What this task involves =
Copy out exactly, from the entries that follow, the line holding "Charming brick home", the line holding "Smiling man wearing", and all lines between them, but no pictures.

Materials provided =
• • • • •
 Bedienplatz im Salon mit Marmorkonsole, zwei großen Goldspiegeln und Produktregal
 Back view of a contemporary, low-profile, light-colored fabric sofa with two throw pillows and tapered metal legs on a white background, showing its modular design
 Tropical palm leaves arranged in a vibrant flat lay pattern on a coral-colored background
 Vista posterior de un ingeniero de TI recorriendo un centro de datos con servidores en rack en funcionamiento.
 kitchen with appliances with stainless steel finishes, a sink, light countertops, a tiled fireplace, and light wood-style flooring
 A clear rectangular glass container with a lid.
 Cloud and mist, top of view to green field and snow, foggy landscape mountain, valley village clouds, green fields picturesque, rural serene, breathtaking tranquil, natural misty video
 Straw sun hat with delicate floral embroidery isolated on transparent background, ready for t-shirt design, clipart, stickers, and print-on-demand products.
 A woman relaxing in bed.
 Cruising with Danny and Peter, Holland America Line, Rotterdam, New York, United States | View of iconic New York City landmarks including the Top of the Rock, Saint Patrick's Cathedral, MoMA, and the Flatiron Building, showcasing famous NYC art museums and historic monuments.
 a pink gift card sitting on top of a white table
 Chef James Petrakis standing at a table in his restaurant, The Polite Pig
• • • • •
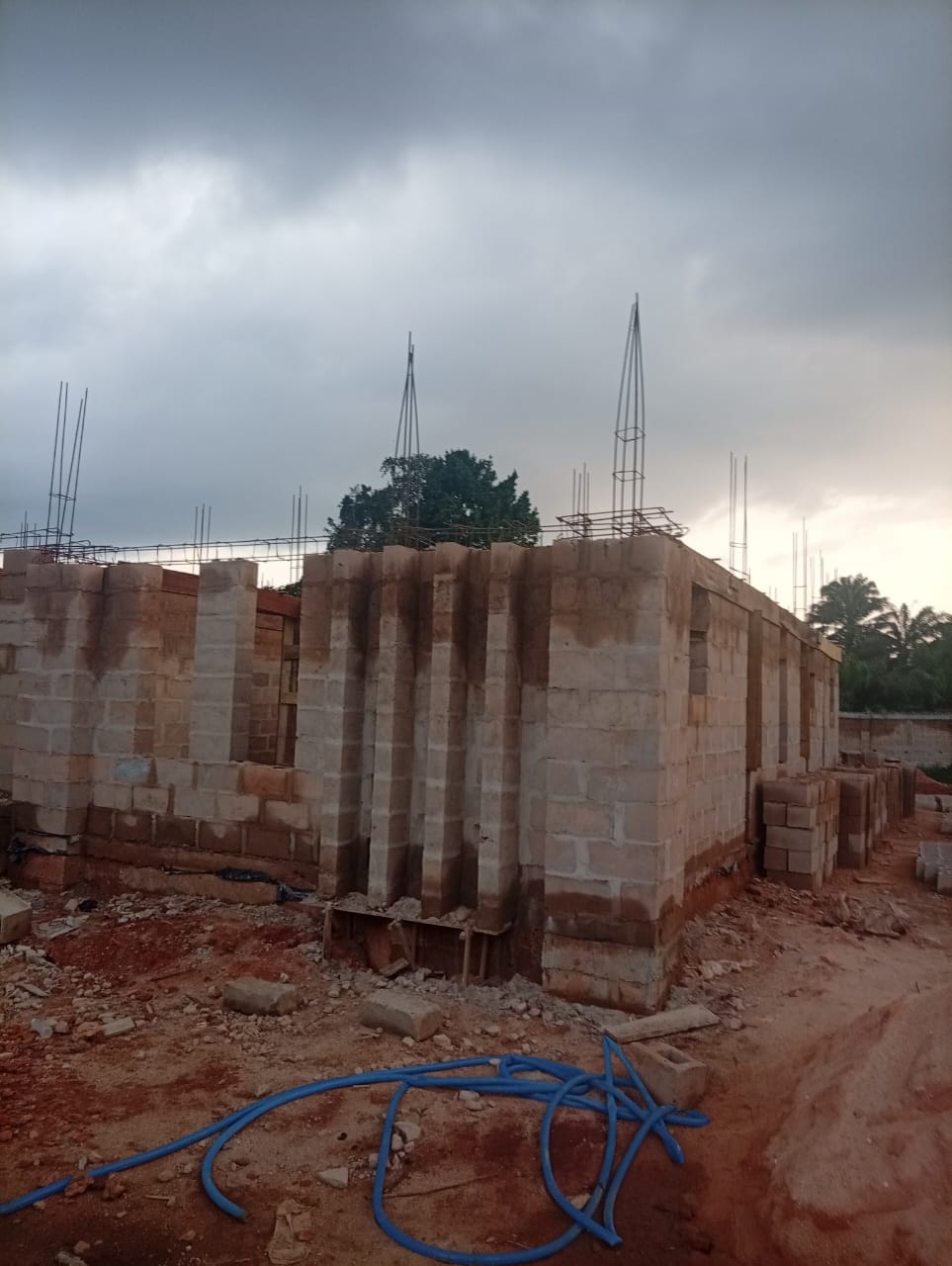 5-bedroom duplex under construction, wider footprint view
• • • • •
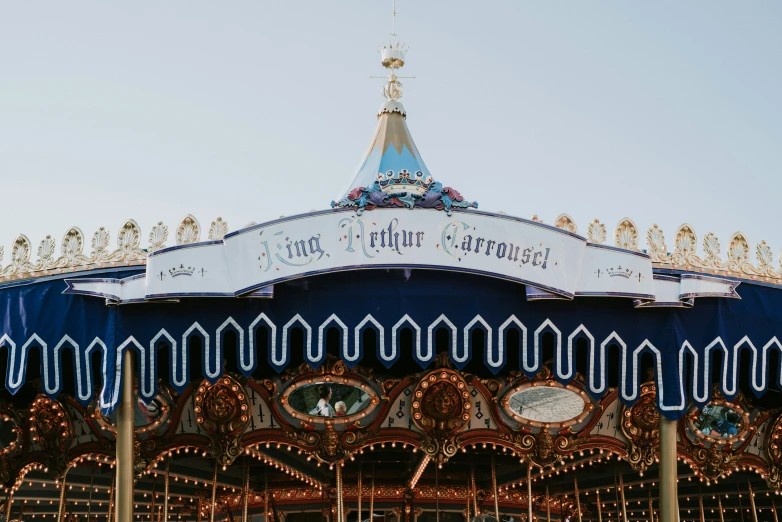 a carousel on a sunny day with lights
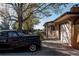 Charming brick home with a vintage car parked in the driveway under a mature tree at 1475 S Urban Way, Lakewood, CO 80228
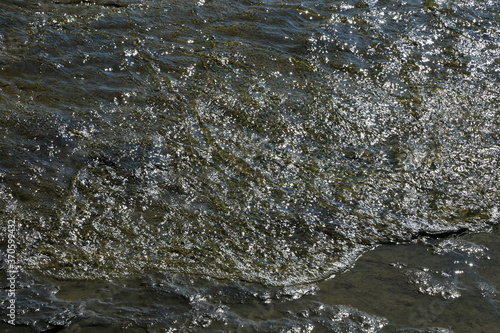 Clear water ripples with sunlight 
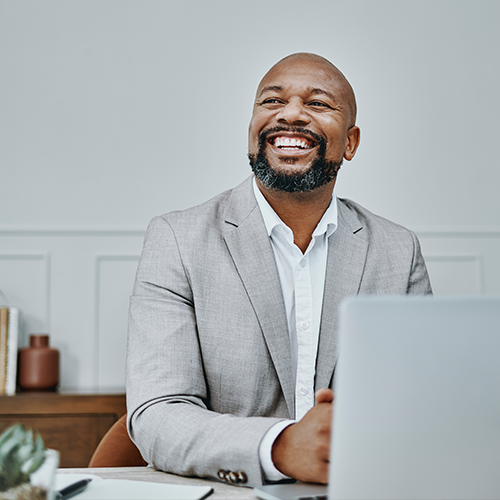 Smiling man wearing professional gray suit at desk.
• • • • •
Answer for the task =
 Charming brick home with a vintage car parked in the driveway under a mature tree at 1475 S Urban Way, Lakewood, CO 80228
 Clear water ripples with sunlight 
 Smiling man wearing professional gray suit at desk.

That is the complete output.